Let me know, thanks guys.


----------



## RBTO

It's hard to say what is the exact cause of your problem. The fact that it happened during a move still gives me a gut feeling that it's something simple, but otherwise it could be a failed power transformer or something else in the power supply/amplifier. Personally, I would say it's worth a $50 shot to get an idea and estimate. When you find out the cause, check back here and there might be some suggestions. Again, it could be something pretty basic, but don't want to raise your hopes.

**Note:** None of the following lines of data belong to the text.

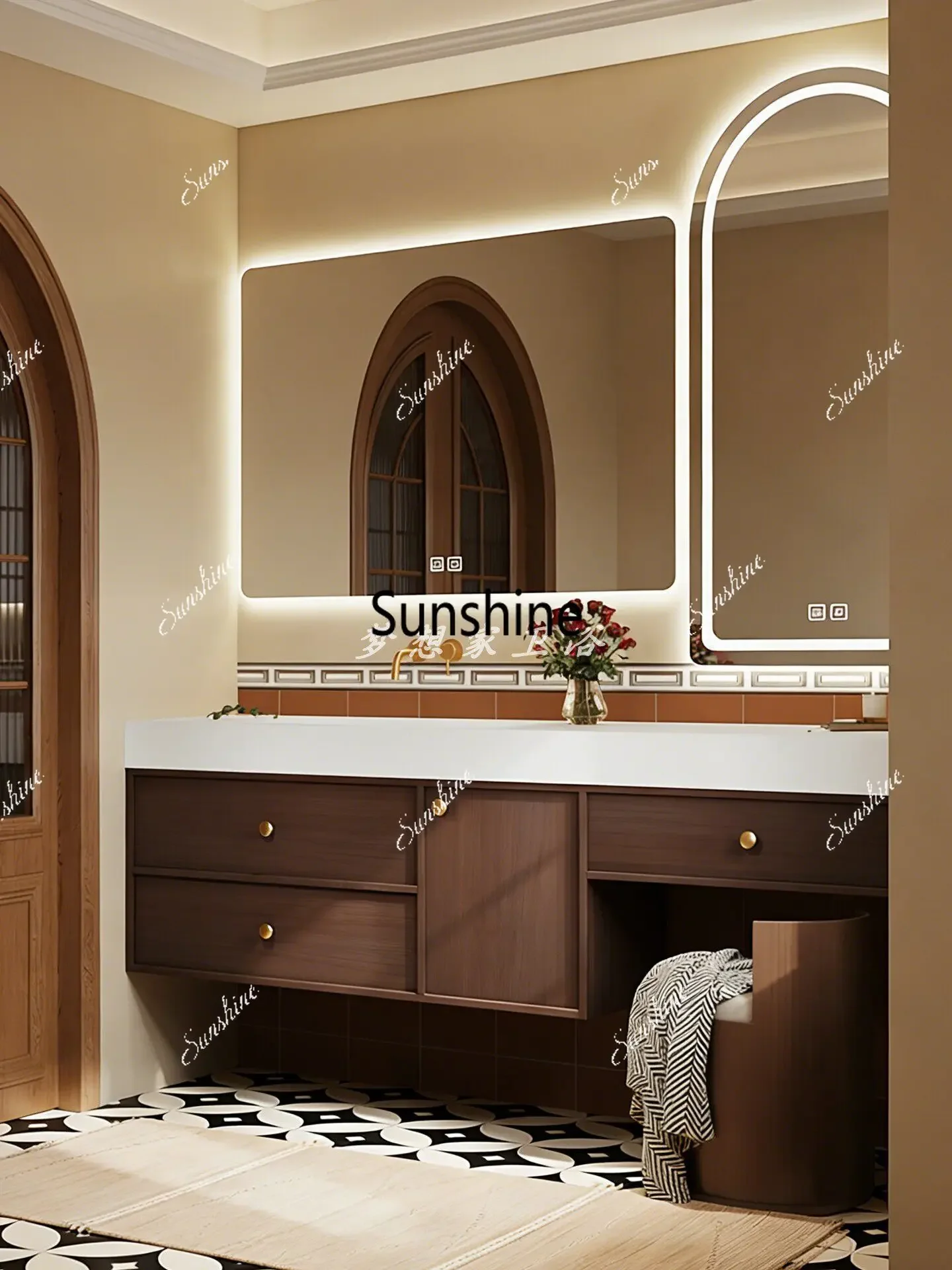 YIntegrated sintered stone hot bent basin for the vintage style bathroom cabinet vanity countertop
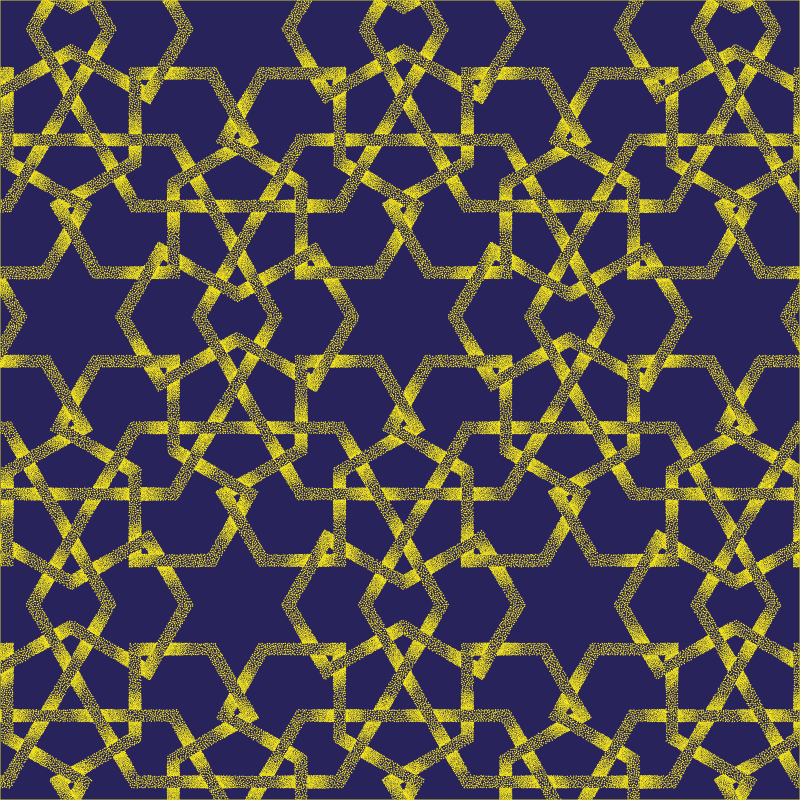 Blau-gelbe Sterne moderner Vinylteppich - TenStickers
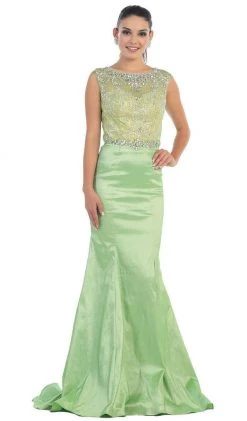 Formal Gowns May Queen - Crystal Embellished Illusion Trumpet Evening Gown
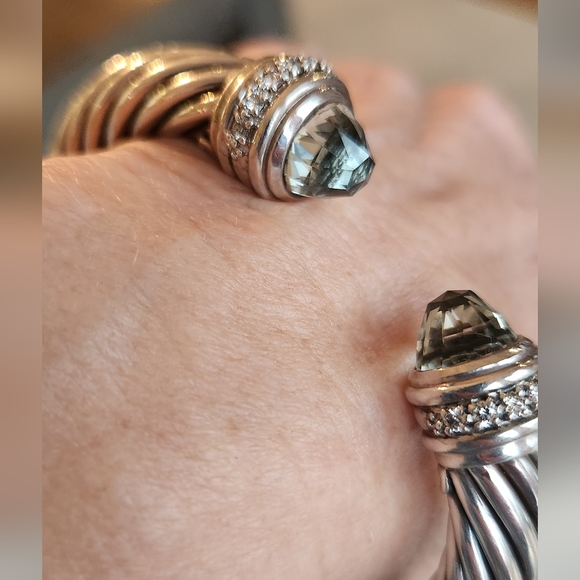 David Yurman 935 10MM Prasiolite & Diamond Cable Cuff Bracelet - Picture 4 of 12
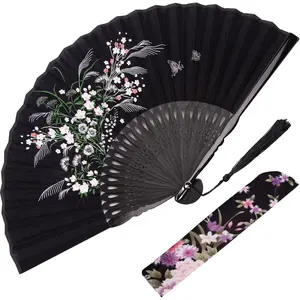 Folding Fan, 8.3 Inch Black Folding Linen Hand Fans for Line Dancing Handheld Chinese Style Crafts for Dancing, Wedding, Party Favors DIY Decoration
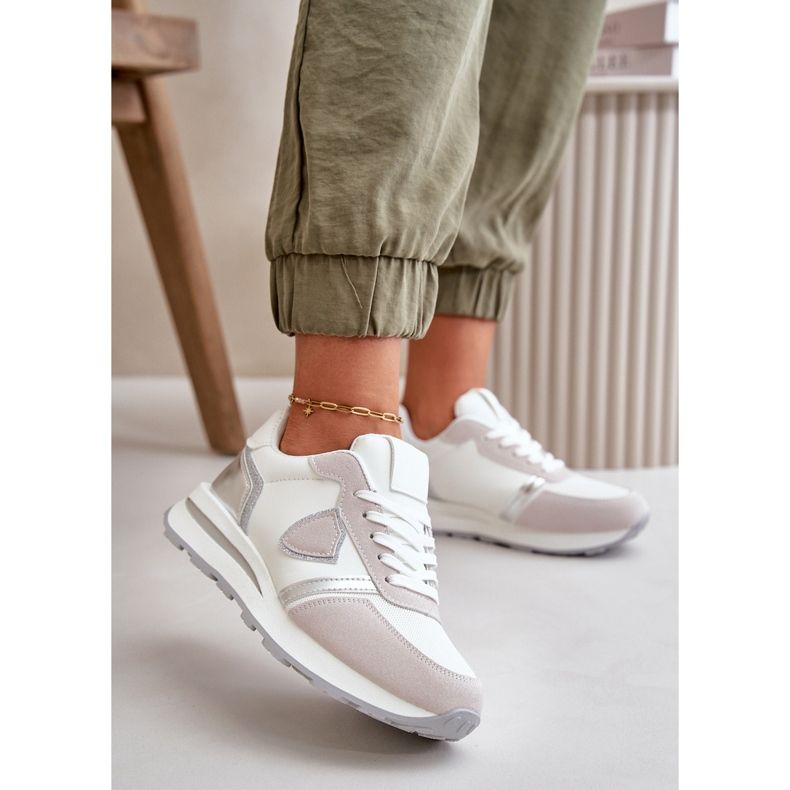 Női tornacipő csillogó fehér Velanielával 2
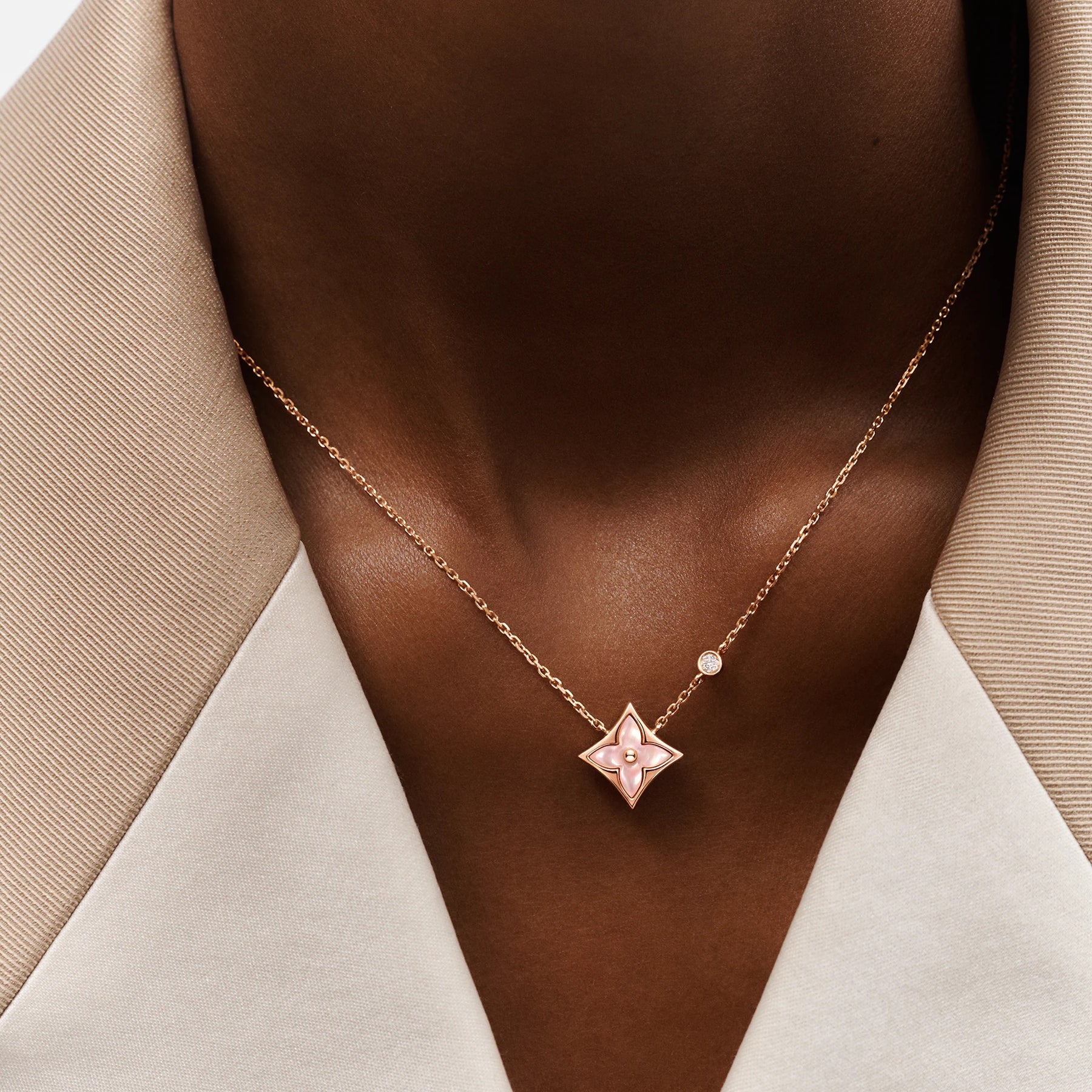 LOUIS VUITTON 18K Pink Gold Diamond Pink Mother of Pearl Color Blossom BB  Star Pendant Necklace 1287570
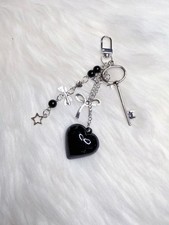 Black Heart Bag Charm Key Ring Fob Keychain Purse Lucky Charm Y2K Silver Bow New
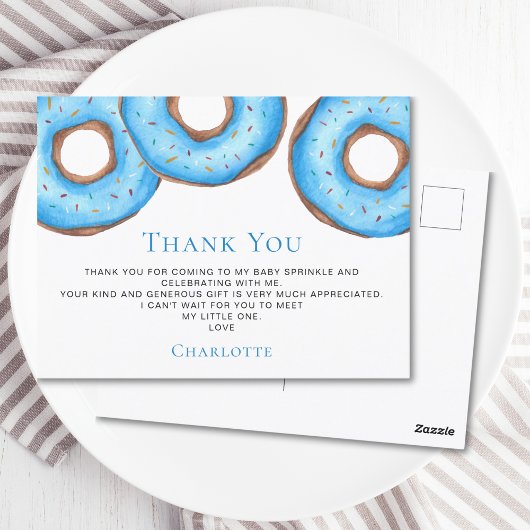 Blue Donuts Baby Sprinkle Bedankt Briefkaart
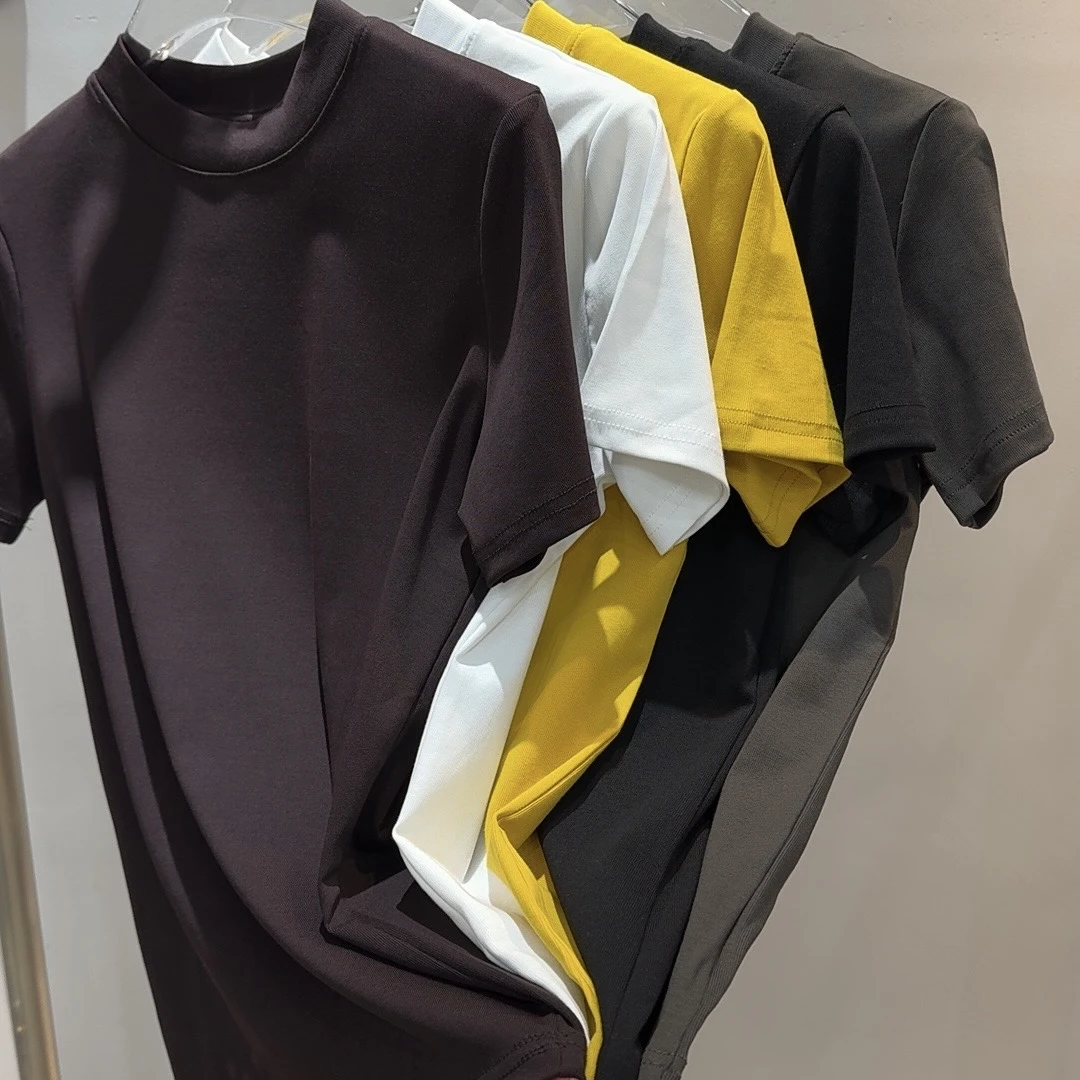 【3335】夏季简约圆领短袖上衣时尚百搭显瘦设计感女装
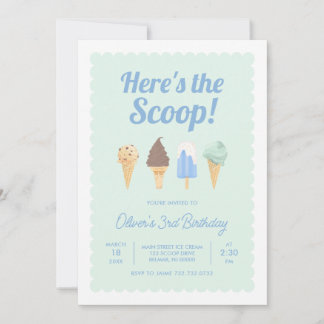 Hier ist die Einladung von Scoop Ice Cream Birthda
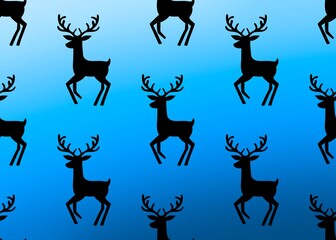 Set of deer. Seamless pattern with deer. New Year's pattern with black deer on a blue background. Christmas mood.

Even if you get a new one, you might want to hold onto this one in case you get it fixed at some future time since you can have dual subs for a better fill of your soundspace - good for spare parts too.


----------



## fmw

RBTO said:


> It's hard to say what is the exact cause of your problem. The fact that it happened during a move still gives me a gut feeling that it's something simple, but otherwise it could be a failed power transformer or something else in the power supply/amplifier. Personally, I would say it's worth a $50 shot to get an idea and estimate. When you find out the cause, check back here and there might be some suggestions. Again, it could be something pretty basic, but don't want to raise your hopes.
> 
> Even if you get a new one, you might want to hold onto this one in case you get it fixed at some future time since you can have dual subs for a better fill of your soundspace - good for spare parts too.


I think it is likely that the subwoofer amplifier's power supply has failed. It is very common on subs that are more than 5 or 6 years old. If you are handy enough to check a fuse, you are probably handy enough to replace the plate amp in the sub. It isn't all that hard to do.


----------